Two days ago, the Los Angeles Times ran an opinion piece by Robert Gottlieb, director of the Urban & Environmental Policy Institute at Occidental College, with an update on school food in the Los Angeles Unified School District. While the piece is notable for its failure to make any mention of Jamie Oliver (who made LAUSD his target on last season’s “Food Revolution”), it does offer an overview of recent, promising changes in the district:
. . . a new food procurement approach was established. Instead of relying as much on commodity foods from the government and single-item purchases, new vendors or suppliers were selected in part on the basis of their ability to increase the portion of fresh fruits and vegetables supplied by farmers operating within a 200-mile range. Costs for the food purchased with this goal in mind turned out to be lower.

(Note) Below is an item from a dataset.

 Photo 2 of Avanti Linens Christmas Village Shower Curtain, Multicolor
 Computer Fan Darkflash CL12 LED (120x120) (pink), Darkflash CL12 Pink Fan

Even more dramatic have been the menu changes introduced this fall. Out are the canned cherries and apples that went into sugar-laden desserts. Flavored milk is no longer offered. Cafeterias now feature fresh local apples and strawberries and plain, low-fat milk. Hyper-refined mac and cheese and fatty, cheese-laden pizza have been replaced with more healthful entrees. And the new menu items reflect the region’s cultural diversity, with offerings such as tamales filled with vegetables,vegetarian sushi and Greek salad.
What was disheartening to me was the reaction to these changes in some quarters. According to Gottlieb:
Some critics have accused the district of creating an “elitist” menu. One principal complained that it was a “chef’s menu,” while a parent argued that the food was “better than what the students should be getting.” Attempting to develop more cultural diversity caused one parent to complain that the district was not serving “American food,” while another argued that the food was “too much what the people in Los Angeles look like.”